It seems that Intel's Transactional Synchronization Extensions (TSX-NI) work on a per-CPU basis.
This applies to both the _InterlockedXxx_HLE{Acquire,Release}
Hardware Lock Elision functions (HLE), as well as for the _xbegin
/_xend
/etc. Restricted Transactional Memory (RTM) functions.
What is the "proper" way to use these functions on multi-core systems?
Given their correctness guarantees, I assume I only need to be worried about performance here.
So, how should I structure & write my code so that my code has the best performance, considering that there is always the chance that threads might suddenly switch cores and hence these instructions might need to fall back to slower code paths?
For example, should I try to set thread CPU affinities explicitly, or is that bad practice?
Is there any other thing I should worry about?
The transaction will abort if the CPU takes an interrupt in the middle. The abort is processed before RIP is saved, so an interrupt->CPU migration can't resume on this or another core and run xend
without being inside a transaction.
Thus there's no correctness problem.
Pinning threads to cores can help performance for cache-locality reasons, if the OS's process scheduler would otherwise be tempted to bounce threads around in a way that's sub-optimal for your workload.
But it won't help TSX specifically: resuming on the same core after an interrupt is no better, because the transaction is already aborted. That core will have all the cache-lines you need probably still hot in L1d, and hopefully still in Exclusive or Modified state.
CPU migrations can only happen for user-space tasks when an interrupt puts them to sleep, and the kernel on another core decides to grab that task.
In kernel code, obviously don't call schedule()

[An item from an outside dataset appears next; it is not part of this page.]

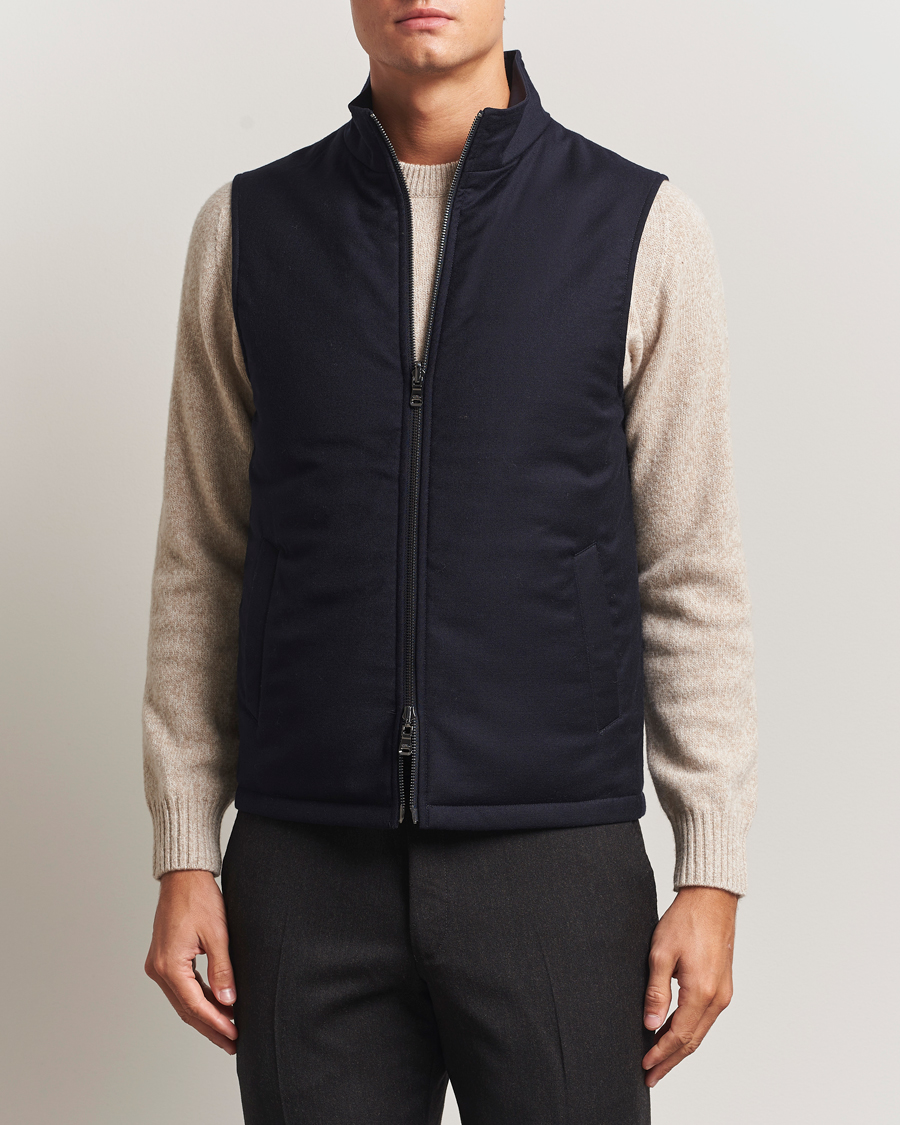 Herr | Jackor | Oscar Jacobson | Nylon/Wool Reversible Vest Navy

inside a transaction; not that it matters for correctness because either the transaction aborts (likely) or execution eventually or quickly returns to this task and we reach xend
and successfully commit everything that happened as a single large transaction (which includes everything the scheduler and potentially another task did).
I haven't actually played around with this, but I don't think there's any reason to expect thread-affinity performance considerations for TSX to be significantly different from non-TSX.